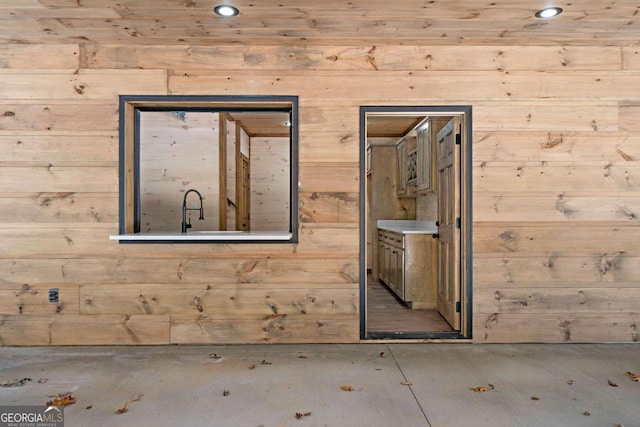 interior space with wooden ceiling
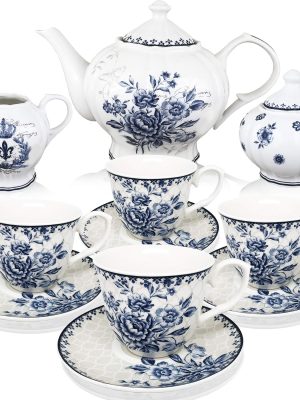 Blue Dream Tea Set, Tea cups (8oz), Tea Pot (48oz), Creamer and Sugar Set, Gift box,  Tea Service, Tea Cups and Saucer Set, Tea Set for Adults, Porcelain Tea Set, Mother's Day Gift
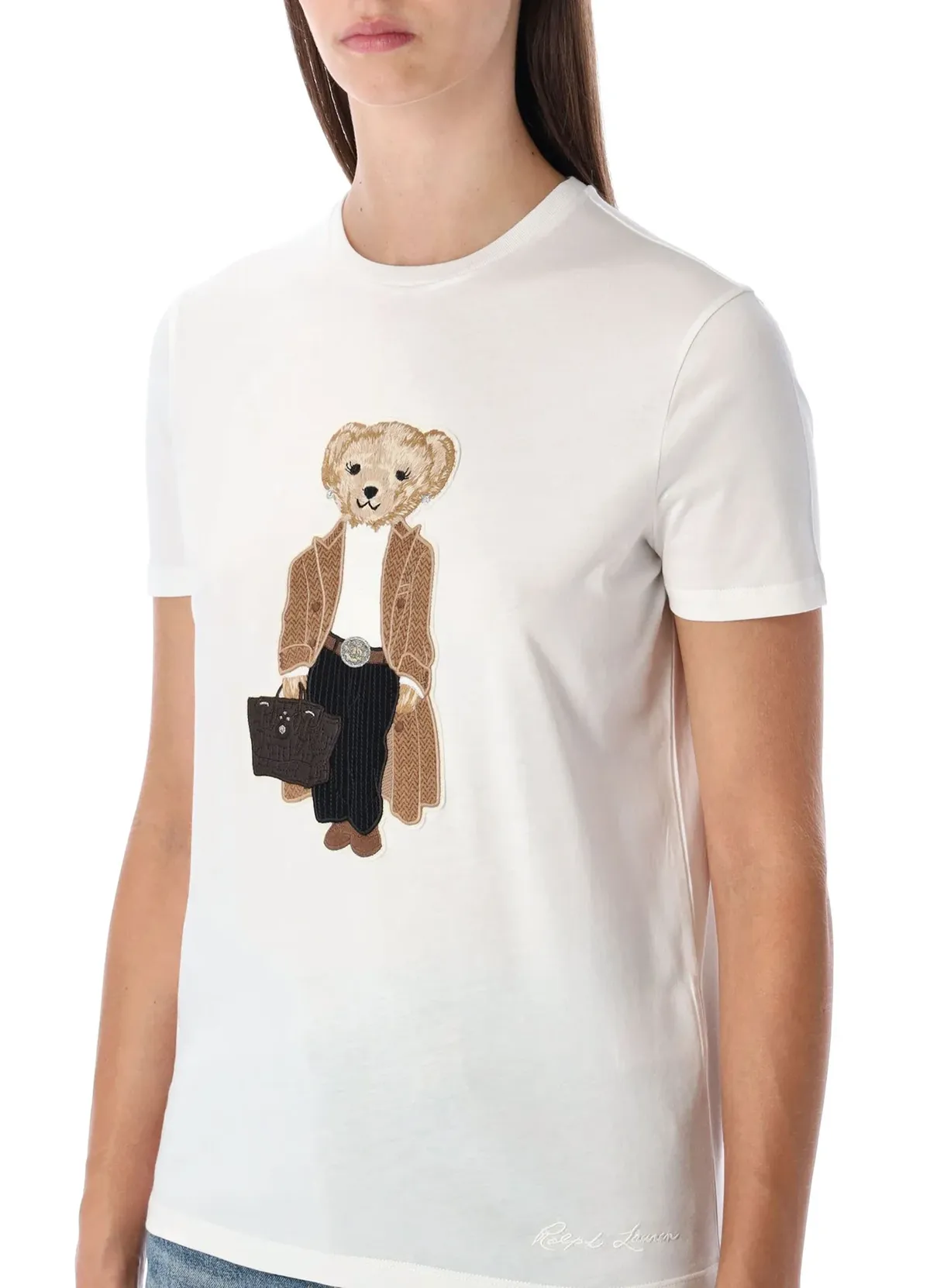 Women’s White Cotton Tee with Embroidered Dressed-Up Bear Graphic, Chic Casual Wear - Image 2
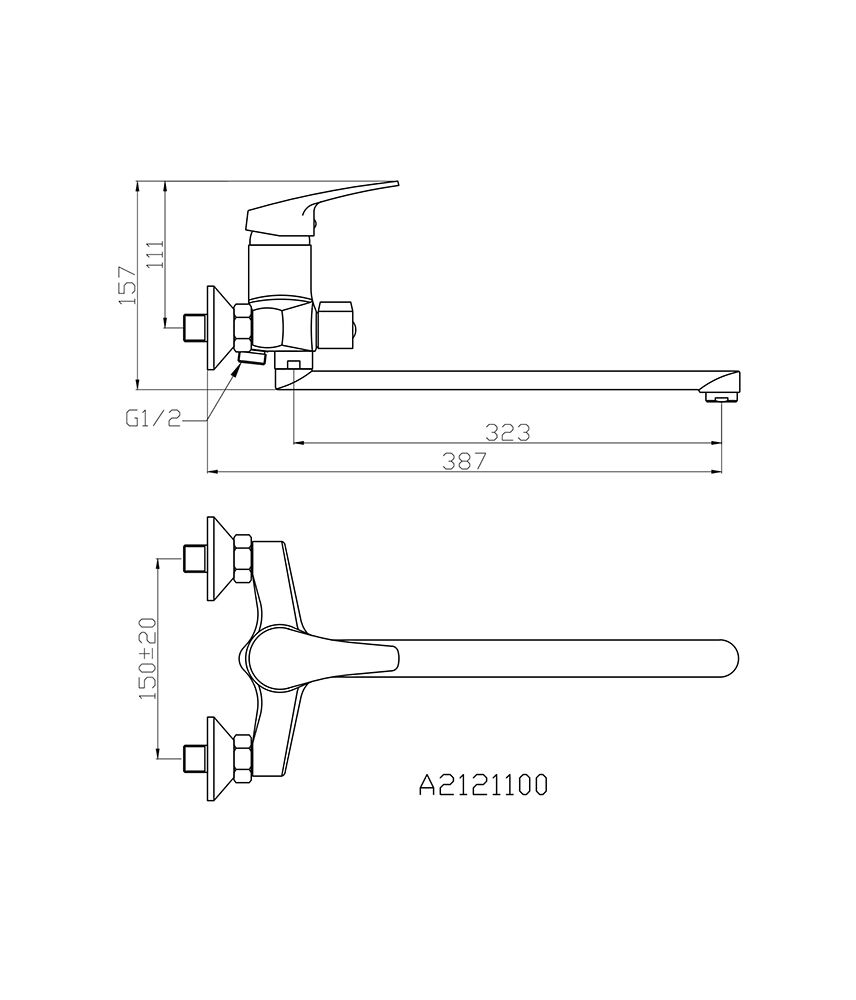 Смеситель для ванны Agger Exact A2121100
# # # # # # #
WHAT YOU SHOULD DO - Exactly as written, return each line above and leave the pictures behind.

PROBLEM SOLUTION -
 interior space with wooden ceiling
 Blue Dream Tea Set, Tea cups (8oz), Tea Pot (48oz), Creamer and Sugar Set, Gift box,  Tea Service, Tea Cups and Saucer Set, Tea Set for Adults, Porcelain Tea Set, Mother's Day Gift
 Women’s White Cotton Tee with Embroidered Dressed-Up Bear Graphic, Chic Casual Wear - Image 2
 Смеситель для ванны Agger Exact A2121100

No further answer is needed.